SOURCE RECORDS ▸
##########
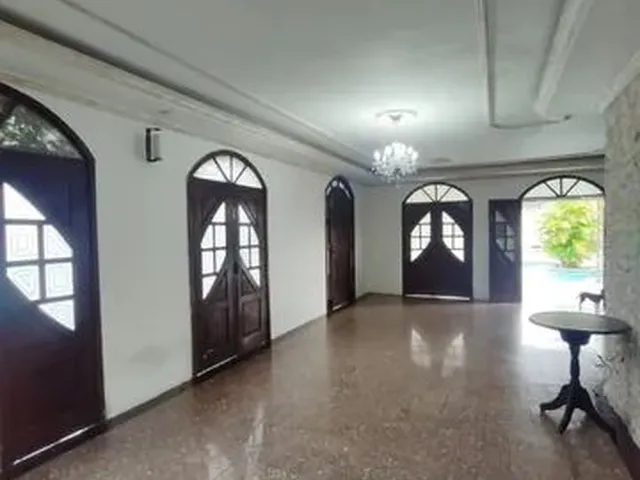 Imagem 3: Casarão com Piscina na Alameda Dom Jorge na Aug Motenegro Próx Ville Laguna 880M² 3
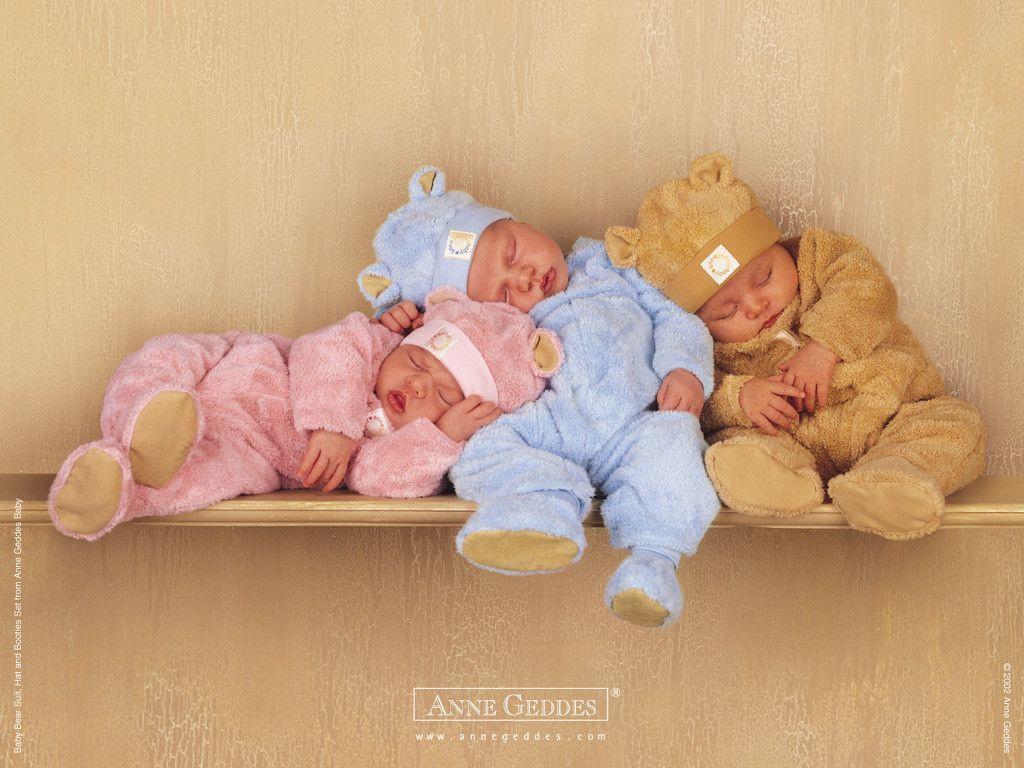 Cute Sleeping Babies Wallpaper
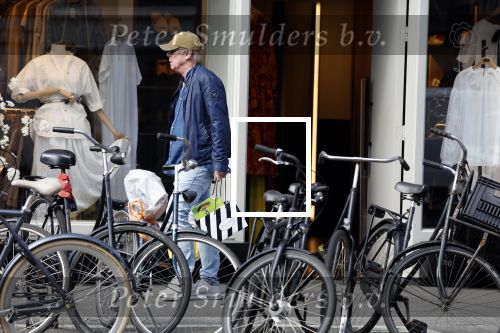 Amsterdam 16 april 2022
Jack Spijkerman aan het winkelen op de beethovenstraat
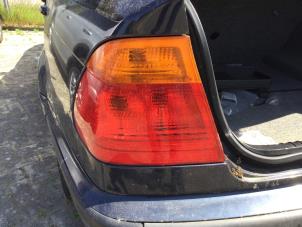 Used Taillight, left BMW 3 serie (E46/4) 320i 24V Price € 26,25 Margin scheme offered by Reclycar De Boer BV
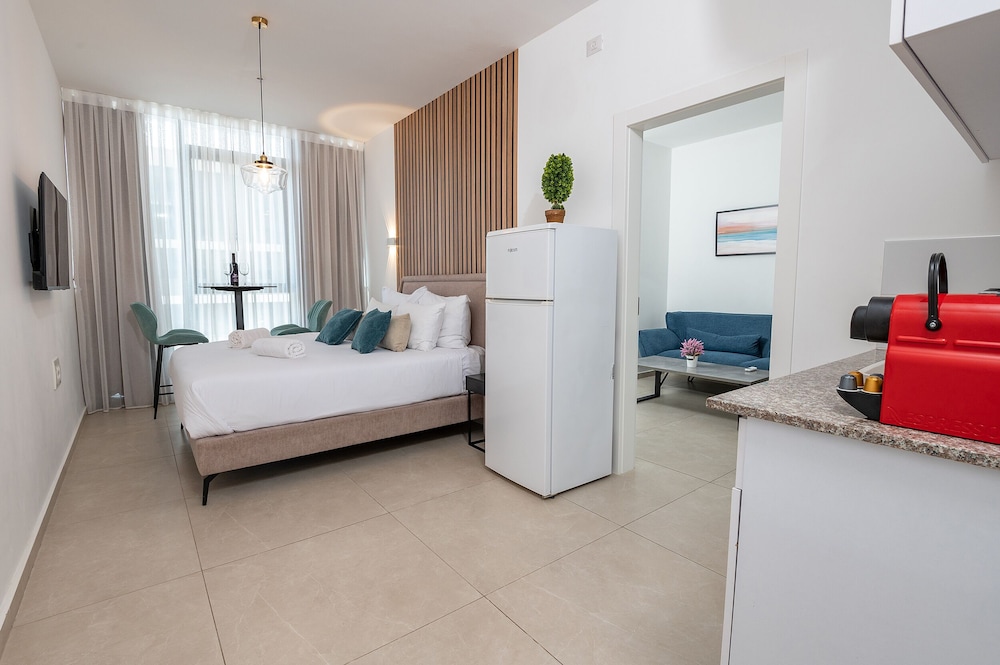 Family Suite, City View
##########
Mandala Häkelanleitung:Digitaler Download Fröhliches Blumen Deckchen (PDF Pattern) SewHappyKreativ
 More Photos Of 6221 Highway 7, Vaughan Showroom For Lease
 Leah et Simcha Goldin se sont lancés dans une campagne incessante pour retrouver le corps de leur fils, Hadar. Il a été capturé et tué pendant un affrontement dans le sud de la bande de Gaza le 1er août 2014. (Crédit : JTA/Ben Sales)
##########
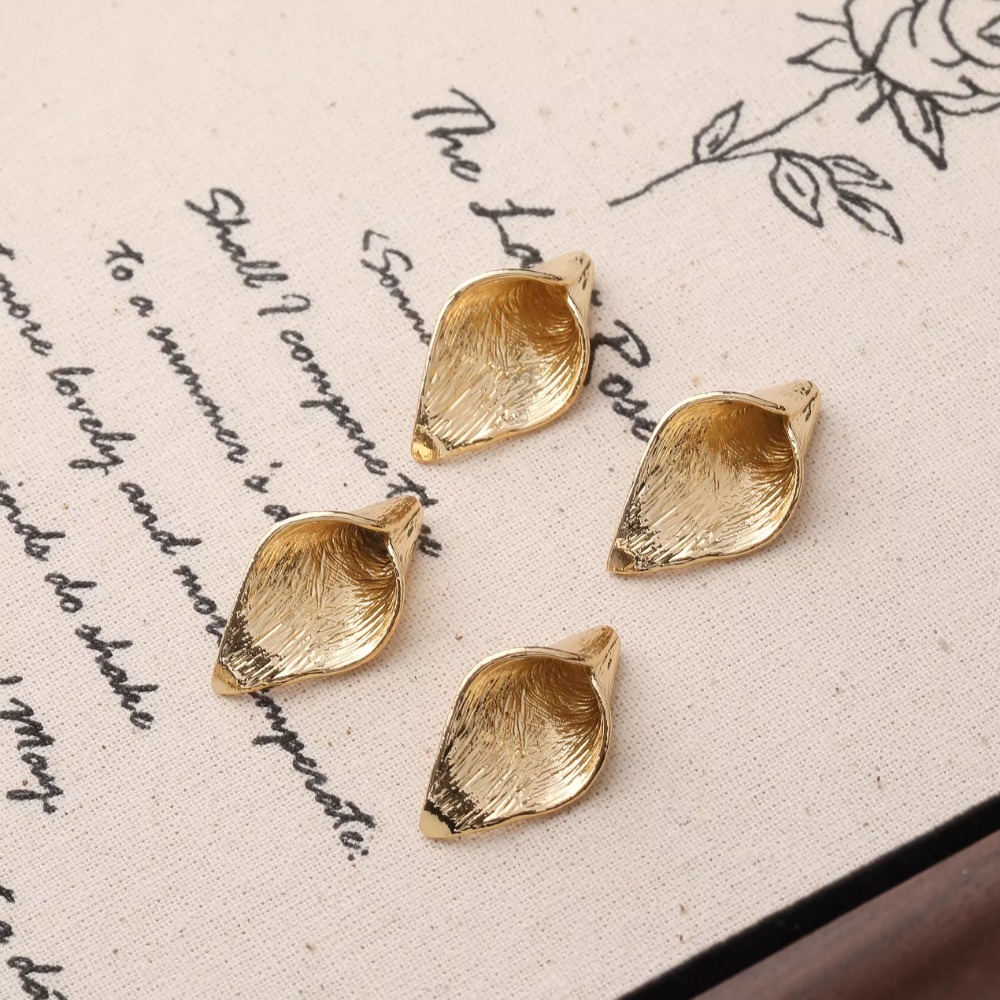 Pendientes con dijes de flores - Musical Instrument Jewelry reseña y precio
##########
YOUR OBJECTIVE ▸ Exactly the lines above, from the one containing "Imagem 3: Casarão" down to the one containing "Family Suite, City View", are to be repeated, including both ends. Pictures are not part of the copy.

SOLUTION FOR THIS TASK ▸
 Imagem 3: Casarão com Piscina na Alameda Dom Jorge na Aug Motenegro Próx Ville Laguna 880M² 3
 Cute Sleeping Babies Wallpaper
 Amsterdam 16 april 2022
Jack Spijkerman aan het winkelen op de beethovenstraat
 Used Taillight, left BMW 3 serie (E46/4) 320i 24V Price € 26,25 Margin scheme offered by Reclycar De Boer BV
 Family Suite, City View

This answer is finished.